[patch] SMP fixes 2.2.1

MOLNAR Ingo (mingo@chiara.csoma.elte.hu)
Mon, 1 Feb 1999 15:00:12 +0100 (CET)


this SMP patchset fixes 3 problems, they affect only a small percentage of
SMP boards, but for them these are real showstoppers:

- boot panics with 'IO-APIC + timer doesn't work!' (thanks to Brian
Perkins for finding and fixing this one, and i now finally understand
why it can happen) This bug was introduced in 2.1.105.

- 'spurious APIC interrupt, ayiee, should never happen.' seen on some
boards showed another (real) bug (thanks to Alex Buell for testing this
one out) [this sw bug is not to be confused with the P6 'spurious IRQ
16' hw bug] this bug was introduced with my 2.2.0 SMP changes and
is harmless mostly because APICs retry messages.

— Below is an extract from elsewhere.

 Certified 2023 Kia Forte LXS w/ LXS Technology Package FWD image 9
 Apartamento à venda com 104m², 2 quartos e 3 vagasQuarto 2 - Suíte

- cycle counter isnt sync between CPUs (this fixes Mark-Andre Hopf's
problematic board which gave time warps otherwise). Problem first
proved/detected by Colin Plumb.

This is the most intrusive fix of all, thus it has been tested on 4
different SMP boards (P5, PPro and Xeon boards) and UP configurations
as well. this one was there forever, and since the MP spec doesnt
explicitly say that cycle counters have to be sync, i think this should
be considered a Linux bug. This is what gets printed on a 'buggy'
board:

checking TSC synchronization across CPUs:
BIOS BUG: CPU#0 improperly initialized, has -25 usecs TSC skew! FIXED.
BIOS BUG: CPU#1 improperly initialized, has 25 usecs TSC skew! FIXED.

and a 'good' board prints:

checking TSC synchronization across CPUs: passed.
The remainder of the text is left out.